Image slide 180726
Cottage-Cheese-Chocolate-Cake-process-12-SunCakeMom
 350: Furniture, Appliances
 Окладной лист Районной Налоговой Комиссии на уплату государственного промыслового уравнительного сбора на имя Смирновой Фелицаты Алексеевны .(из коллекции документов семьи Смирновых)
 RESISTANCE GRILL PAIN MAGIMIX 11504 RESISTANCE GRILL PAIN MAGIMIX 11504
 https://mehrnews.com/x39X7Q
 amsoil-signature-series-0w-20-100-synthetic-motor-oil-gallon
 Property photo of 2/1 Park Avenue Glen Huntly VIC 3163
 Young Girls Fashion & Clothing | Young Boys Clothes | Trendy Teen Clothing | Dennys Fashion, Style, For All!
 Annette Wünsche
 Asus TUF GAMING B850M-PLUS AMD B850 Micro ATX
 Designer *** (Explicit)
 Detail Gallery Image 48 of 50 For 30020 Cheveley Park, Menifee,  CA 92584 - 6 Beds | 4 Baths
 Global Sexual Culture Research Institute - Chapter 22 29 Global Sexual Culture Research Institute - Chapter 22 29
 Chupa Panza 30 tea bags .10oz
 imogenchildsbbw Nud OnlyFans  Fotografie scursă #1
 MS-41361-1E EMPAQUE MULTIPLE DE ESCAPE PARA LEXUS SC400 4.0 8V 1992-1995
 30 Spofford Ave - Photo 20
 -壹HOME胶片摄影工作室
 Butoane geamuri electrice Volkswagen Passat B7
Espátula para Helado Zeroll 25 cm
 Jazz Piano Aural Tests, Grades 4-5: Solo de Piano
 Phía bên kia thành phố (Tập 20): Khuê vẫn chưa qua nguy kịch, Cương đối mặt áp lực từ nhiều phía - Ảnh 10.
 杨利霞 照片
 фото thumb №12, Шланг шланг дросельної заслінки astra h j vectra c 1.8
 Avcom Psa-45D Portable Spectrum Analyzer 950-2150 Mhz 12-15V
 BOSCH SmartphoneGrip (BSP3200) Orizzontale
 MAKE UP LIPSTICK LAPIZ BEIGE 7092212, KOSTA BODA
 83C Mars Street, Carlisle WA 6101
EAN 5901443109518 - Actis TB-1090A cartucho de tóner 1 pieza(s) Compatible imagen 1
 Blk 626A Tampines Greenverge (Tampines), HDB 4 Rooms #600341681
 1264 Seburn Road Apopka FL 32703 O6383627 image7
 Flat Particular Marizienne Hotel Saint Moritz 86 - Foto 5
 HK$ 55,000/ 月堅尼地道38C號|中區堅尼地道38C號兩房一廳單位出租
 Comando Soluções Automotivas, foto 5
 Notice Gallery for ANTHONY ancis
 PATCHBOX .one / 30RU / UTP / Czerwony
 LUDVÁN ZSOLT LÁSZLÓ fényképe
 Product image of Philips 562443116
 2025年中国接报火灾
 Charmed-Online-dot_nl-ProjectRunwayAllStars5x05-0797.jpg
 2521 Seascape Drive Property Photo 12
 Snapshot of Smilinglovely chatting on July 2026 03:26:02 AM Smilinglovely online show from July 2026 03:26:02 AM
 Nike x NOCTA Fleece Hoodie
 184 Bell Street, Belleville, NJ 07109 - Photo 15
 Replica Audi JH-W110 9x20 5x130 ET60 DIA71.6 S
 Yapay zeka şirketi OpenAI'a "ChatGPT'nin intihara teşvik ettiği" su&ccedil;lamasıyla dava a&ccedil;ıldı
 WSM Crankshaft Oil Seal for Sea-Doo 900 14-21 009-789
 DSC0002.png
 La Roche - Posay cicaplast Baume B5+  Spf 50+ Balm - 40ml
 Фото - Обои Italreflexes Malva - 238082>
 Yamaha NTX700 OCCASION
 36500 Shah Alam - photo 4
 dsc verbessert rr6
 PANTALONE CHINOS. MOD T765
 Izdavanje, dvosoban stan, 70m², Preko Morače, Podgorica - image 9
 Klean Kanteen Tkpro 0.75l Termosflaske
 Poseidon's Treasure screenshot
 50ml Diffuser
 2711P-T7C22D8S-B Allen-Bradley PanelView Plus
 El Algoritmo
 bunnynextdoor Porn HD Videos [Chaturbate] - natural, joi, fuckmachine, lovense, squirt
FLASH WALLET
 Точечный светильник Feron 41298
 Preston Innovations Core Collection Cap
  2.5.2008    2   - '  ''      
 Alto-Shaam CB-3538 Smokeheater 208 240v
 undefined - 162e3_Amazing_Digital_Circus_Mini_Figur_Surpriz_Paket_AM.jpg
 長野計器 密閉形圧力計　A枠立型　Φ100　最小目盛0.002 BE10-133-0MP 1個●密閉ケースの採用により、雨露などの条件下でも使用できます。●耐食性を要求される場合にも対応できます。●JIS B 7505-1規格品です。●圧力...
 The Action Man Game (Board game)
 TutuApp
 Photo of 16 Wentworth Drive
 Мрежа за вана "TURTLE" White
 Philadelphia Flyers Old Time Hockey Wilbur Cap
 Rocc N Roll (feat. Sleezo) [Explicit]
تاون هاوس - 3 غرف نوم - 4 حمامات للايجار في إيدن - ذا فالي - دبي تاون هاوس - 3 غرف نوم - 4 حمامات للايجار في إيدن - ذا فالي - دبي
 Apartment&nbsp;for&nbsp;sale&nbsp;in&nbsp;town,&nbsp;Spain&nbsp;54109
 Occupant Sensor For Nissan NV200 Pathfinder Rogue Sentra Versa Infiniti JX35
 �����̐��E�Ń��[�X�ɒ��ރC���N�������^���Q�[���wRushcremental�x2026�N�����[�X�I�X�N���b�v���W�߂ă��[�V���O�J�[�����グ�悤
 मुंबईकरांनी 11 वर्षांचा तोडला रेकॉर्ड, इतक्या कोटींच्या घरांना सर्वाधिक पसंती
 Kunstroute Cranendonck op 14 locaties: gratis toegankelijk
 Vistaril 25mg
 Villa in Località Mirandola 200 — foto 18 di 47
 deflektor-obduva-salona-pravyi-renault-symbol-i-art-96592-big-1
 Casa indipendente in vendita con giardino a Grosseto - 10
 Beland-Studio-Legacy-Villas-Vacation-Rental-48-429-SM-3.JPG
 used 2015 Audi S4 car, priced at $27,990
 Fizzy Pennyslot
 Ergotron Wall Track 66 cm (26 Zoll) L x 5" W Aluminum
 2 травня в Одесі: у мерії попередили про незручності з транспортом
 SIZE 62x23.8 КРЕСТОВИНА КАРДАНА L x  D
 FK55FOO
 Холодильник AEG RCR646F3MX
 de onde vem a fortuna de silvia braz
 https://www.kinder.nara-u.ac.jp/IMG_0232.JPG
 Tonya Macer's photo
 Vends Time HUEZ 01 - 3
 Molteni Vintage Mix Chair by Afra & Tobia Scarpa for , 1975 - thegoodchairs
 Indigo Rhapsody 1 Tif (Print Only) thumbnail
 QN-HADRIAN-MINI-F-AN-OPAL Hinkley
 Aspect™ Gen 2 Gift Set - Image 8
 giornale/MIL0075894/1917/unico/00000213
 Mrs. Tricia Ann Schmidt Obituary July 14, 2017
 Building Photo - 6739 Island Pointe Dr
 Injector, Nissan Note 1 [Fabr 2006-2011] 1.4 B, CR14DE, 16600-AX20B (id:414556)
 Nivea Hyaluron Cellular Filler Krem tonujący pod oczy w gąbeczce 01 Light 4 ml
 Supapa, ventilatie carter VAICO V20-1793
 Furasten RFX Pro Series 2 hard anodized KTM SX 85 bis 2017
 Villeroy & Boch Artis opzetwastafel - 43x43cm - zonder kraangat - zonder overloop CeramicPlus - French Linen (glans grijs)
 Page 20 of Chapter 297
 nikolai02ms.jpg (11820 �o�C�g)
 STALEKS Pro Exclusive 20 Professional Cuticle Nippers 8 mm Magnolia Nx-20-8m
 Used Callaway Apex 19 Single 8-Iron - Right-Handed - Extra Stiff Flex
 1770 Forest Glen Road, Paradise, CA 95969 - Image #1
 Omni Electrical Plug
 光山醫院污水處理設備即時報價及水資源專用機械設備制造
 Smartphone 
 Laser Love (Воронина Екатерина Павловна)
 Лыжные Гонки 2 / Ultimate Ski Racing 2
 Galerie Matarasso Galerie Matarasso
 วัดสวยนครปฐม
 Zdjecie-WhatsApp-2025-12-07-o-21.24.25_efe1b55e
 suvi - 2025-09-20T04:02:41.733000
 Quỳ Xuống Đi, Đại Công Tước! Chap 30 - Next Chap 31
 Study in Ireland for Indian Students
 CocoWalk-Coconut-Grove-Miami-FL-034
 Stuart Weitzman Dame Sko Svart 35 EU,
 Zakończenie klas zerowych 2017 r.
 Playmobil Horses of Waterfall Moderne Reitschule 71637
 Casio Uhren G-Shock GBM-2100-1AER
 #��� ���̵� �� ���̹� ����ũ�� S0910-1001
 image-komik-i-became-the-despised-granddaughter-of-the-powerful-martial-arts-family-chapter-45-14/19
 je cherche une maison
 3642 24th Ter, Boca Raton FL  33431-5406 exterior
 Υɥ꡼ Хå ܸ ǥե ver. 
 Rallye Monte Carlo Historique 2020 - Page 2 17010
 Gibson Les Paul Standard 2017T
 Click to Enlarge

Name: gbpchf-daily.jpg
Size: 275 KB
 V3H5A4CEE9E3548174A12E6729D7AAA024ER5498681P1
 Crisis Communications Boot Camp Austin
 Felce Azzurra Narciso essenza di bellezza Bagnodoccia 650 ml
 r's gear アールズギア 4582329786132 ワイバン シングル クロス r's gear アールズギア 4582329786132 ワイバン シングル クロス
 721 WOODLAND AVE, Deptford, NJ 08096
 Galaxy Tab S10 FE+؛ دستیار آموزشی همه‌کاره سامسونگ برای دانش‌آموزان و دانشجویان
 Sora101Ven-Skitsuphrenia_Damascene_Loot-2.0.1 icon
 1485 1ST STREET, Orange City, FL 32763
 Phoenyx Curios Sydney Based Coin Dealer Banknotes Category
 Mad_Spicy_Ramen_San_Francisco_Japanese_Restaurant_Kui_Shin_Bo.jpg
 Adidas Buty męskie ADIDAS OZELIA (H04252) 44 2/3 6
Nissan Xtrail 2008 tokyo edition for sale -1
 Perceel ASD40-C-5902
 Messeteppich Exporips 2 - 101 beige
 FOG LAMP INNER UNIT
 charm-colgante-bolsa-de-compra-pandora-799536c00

(Exercise objective): Using the records above, restate word for word the lines from the one with "de onde vem a fortuna de silvia braz" through the one with "giornale/MIL0075894/1917/unico/00000213", both included.

(Result of this task):
 de onde vem a fortuna de silvia braz
 https://www.kinder.nara-u.ac.jp/IMG_0232.JPG
 Tonya Macer's photo
 Vends Time HUEZ 01 - 3
 Molteni Vintage Mix Chair by Afra & Tobia Scarpa for , 1975 - thegoodchairs
 Indigo Rhapsody 1 Tif (Print Only) thumbnail
 QN-HADRIAN-MINI-F-AN-OPAL Hinkley
 Aspect™ Gen 2 Gift Set - Image 8
 giornale/MIL0075894/1917/unico/00000213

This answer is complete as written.